Many sources also cite Chinese influences on clothing of the time, one source comparing the kebaya to an open-fronted long-sleeved tunic worn by women of the Ming Dynasty. The introduction of this kind of dress were accredited to two major occurrences of this time; the emerging influence of Islam and the arrival of the Europeans to the archipelago. Whether it was Arabia or China that brought us the wonderful kebaya, there is no denying how quick the use of this garment was made uniquely Indonesian and spread from one island and ethnic group to another which its own regional variations. This quick diffusion of the use of the kebaya was also linked to the spice trade that was happening during this time in history.
Origins of the Kebaya
After Dutch colonization, the kebaya took on a new role as the formal dress for the European women in the country. During this time, the kebaya was made mostly from mori fabric. Modifications made to this traditional costume later introduced the use of silk and embroidery to add design and color. The most dominant form of kebaya worn on the islands of Java and Bali today, can be visibly traced to the kebaya worn in Java and Sunda from the late 19th - early 20th century onwards.
Many of the easily recognizable features of today’s kebaya – a tight fitting blouse that enhances the torso of the woman; the fold-back collarless neck and front opening; long sleeves; and the type of semi-transparent fabric – are evident in the kebaya of the past century. Traditional kebaya required the torso of the women to be wrapped with a long piece of cloth called a stagen. Women of higher social status would have help in wrapping their torso with the stagen however women who were not so fortunate to have help could dress themselves by tying the end of the stagen to a post and literally wrapping themselves into it.
The semi-transparent kebaya blouse was then worn overtop of the stagen. This blouse was fastened with a brooch rather than buttons and buttonholes. It was customary to combine the kebaya with kain – a length of unstitched cloth worn on the lower part of the body, often (and incorrectly) referred to in the English language as sarong. This kain was wrapped around the body with the pleats being placed at the front of the body. Traditinally this kain was dipped in a cornstach solution and then carefully folded by hand into pleats and pressed to produced the crisp look that was desired.
Indigenous Dress in the Making of a Nation
Considering the enormous historical – political and social – shifts that have occurred in Indonesia during the last century, the form of the kebaya, has remained relatively unchanged. Its function and meaning however, in contrast to its form, has seen major changes in colonial and post-colonial Indonesia, operating to meet different groups’ political agendas, social needs and aspirations. The kebaya has come to symbolize the emancipation of women in Indonesia through a representation linking the kebaya to the 19th century “proto-feminist” figure of Raden A. Kartini.
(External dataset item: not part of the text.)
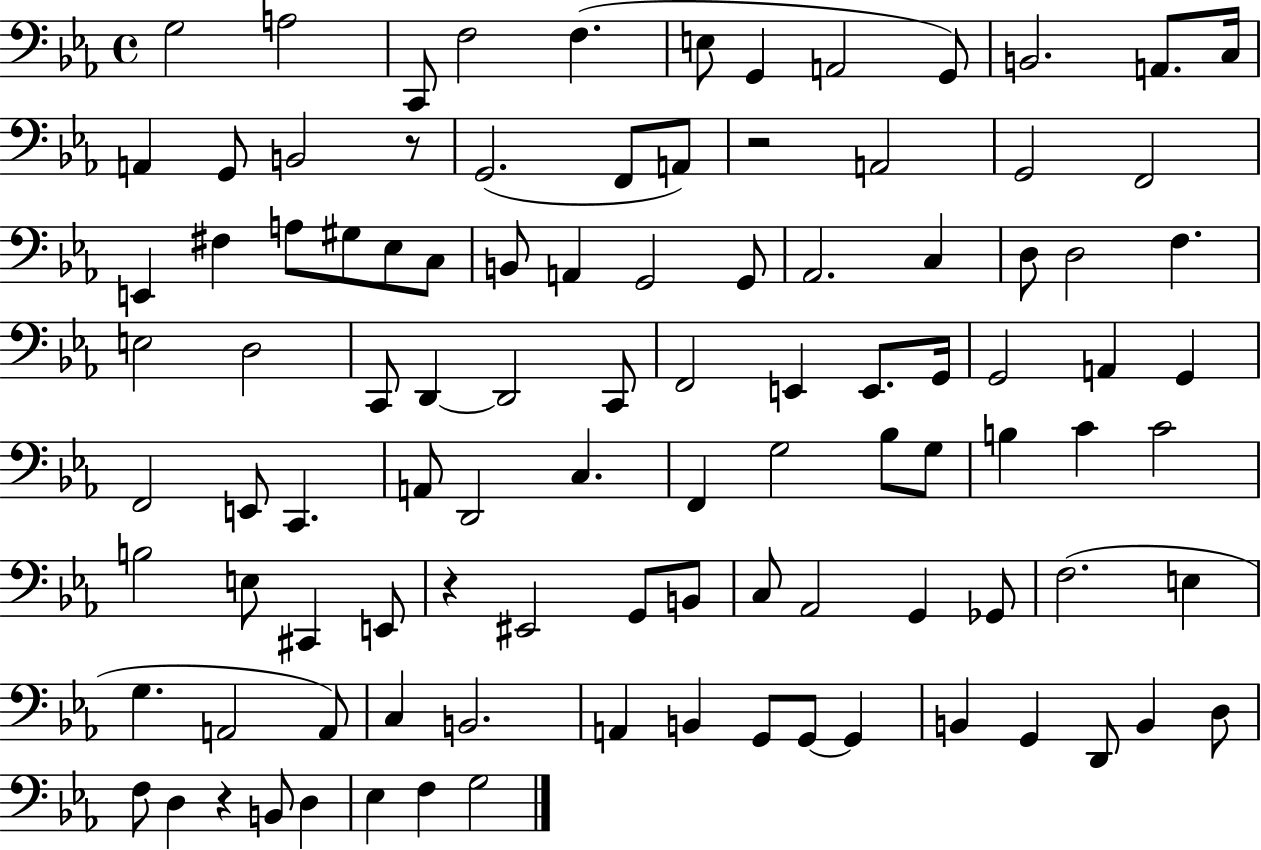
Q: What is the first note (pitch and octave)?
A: G3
During the 19th century, and prior to the Nationalist movement of the early 20th century, the kebaya had enjoyed a period of being worn by Indonesian, Eurasian, and European women alike, with slight style variations. During this time distinguishing class and status was important and produced variants of the basic costume. The kebaya of Javanese royalty were constructed of silk, velvet and brocade; Javanese women belonging to the commoner class wore figured cottons; the kebaya worn by Eurasian women was of white cotton trimmed with handmade European lace during the day, and of black silk in the evening; while the Dutch women preferred a shorter white kebaya. It was even possible for Dutch women planning to travel to the Dutch East Indies to purchase their kebaya in the Netherlands prior to leaving.
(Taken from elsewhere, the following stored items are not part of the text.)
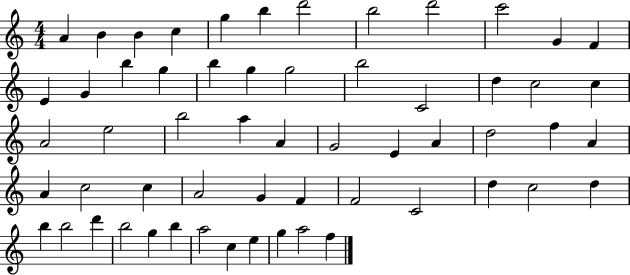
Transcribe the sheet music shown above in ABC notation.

X:1
T:Untitled
M:4/4
L:1/4
K:C
A B B c g b d'2 b2 d'2 c'2 G F E G b g b g g2 b2 C2 d c2 c A2 e2 b2 a A G2 E A d2 f A A c2 c A2 G F F2 C2 d c2 d b b2 d' b2 g b a2 c e g a2 f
In Bali, the kebaya has a much more recent history. The Dutch, whose occupation of Bali began as late as 1849 in the north of the island, and whose direct rule did not begin until 1882, are believed to have enforced the wearing of the kebaya. At the time Balinese women’s breasts were uncovered, except for formal and ceremonial occasions, during which a sabuk might be wound tightly around the upper torso, covering the breasts but leaving the shoulders and arms exposed. The women of Buleleng, the regency of northern Bali, therefore would have been some of the first to adopt the kebaya.
Other sources however, do not locate the kebaya being in use until the early 1920s by which time it was in full use in other areas of Indonesia. It is via the royalty and the palaces that the kebaya appears to have been disseminated out into the community. New dress codes adopted by members of the royalty returning to Bali from Java were passed down through the caste system. Yet despite the fact that clothing is often used to separate class, there seems to be no evidence of the time to indicate that there were any rules delineating styles of kebaya according to caste. Differences in kebaya cloth were more likely to be an outcome of differences in wealth.
Emerging as National Dress
By the 1920s however, and with the full emergence of the nationalist struggle in Indonesia, European women stopped wearing the kebaya because it was identified with typical Indonesian attire. For the European colonizers the Kebaya had become associated with Indonesian nationalism.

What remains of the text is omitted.